-- DATA PROVIDED follows --
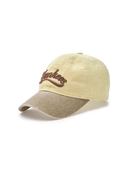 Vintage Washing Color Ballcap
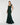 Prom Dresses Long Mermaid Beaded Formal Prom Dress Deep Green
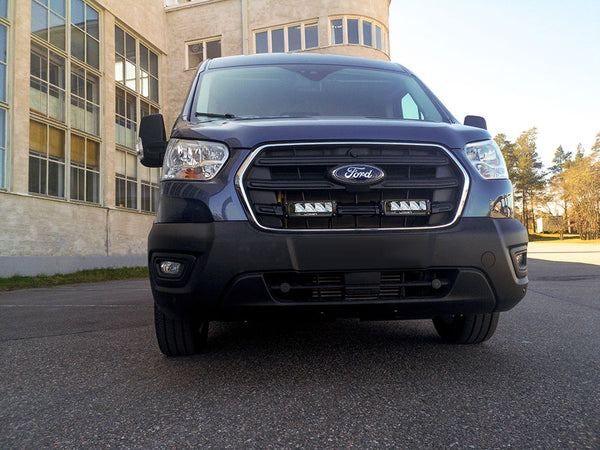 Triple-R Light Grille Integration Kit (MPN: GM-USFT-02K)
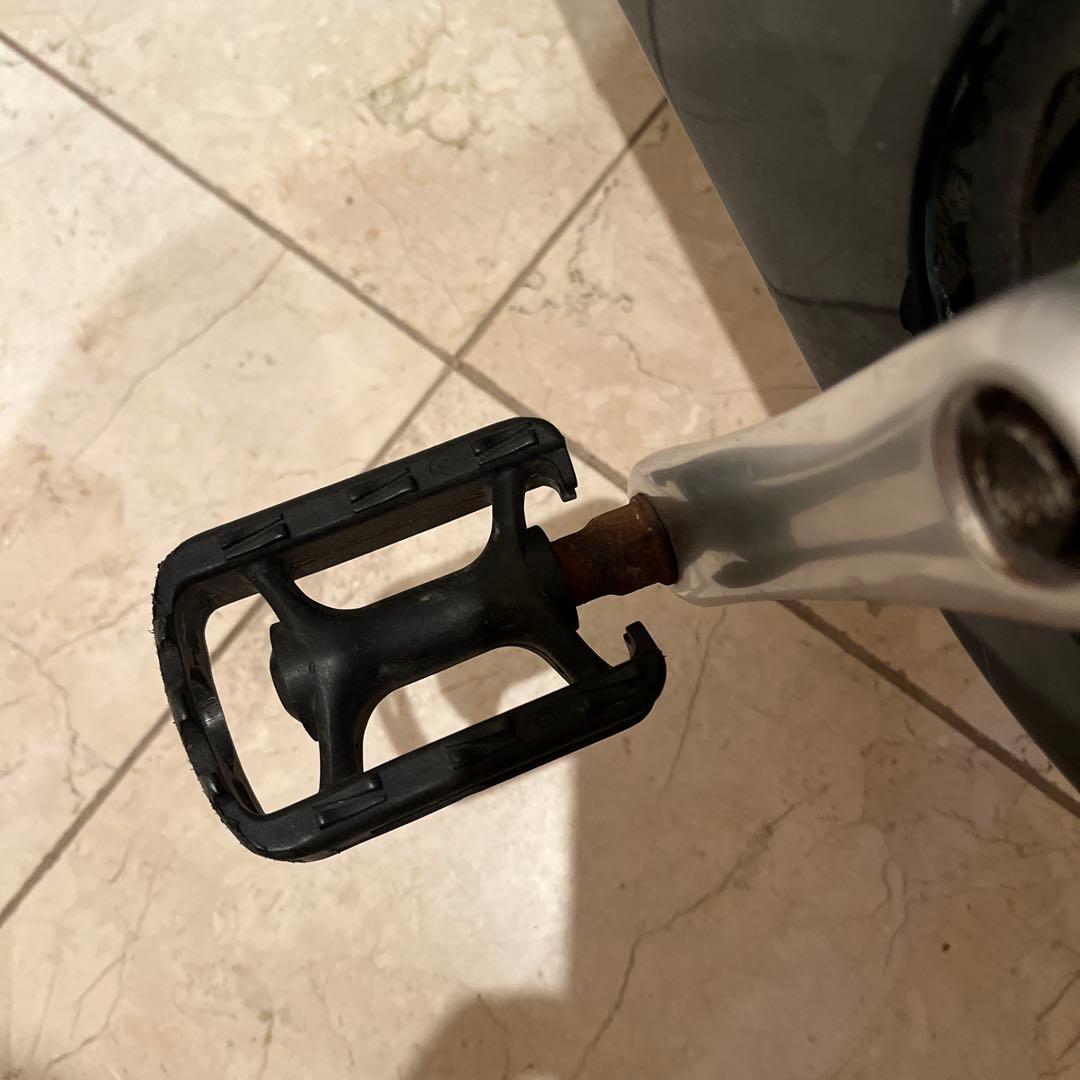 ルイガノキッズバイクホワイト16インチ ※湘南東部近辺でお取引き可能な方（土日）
-- DATA PROVIDED concluded --
-- DATA PROVIDED follows --
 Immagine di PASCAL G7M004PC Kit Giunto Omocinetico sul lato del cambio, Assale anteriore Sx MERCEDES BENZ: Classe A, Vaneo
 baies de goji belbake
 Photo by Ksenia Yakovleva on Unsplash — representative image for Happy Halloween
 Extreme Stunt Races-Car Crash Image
-- DATA PROVIDED concluded --
» PROBLEM TO SOLVE
Could you write out exactly the lines of the data above that run from the one holding "Vintage Washing Color Ballcap" to the one holding "ルイガノキッズバイクホワイト", with both ends in and all pictures out?

» REPLY
 Vintage Washing Color Ballcap
 Prom Dresses Long Mermaid Beaded Formal Prom Dress Deep Green
 Triple-R Light Grille Integration Kit (MPN: GM-USFT-02K)
 ルイガノキッズバイクホワイト16インチ ※湘南東部近辺でお取引き可能な方（土日）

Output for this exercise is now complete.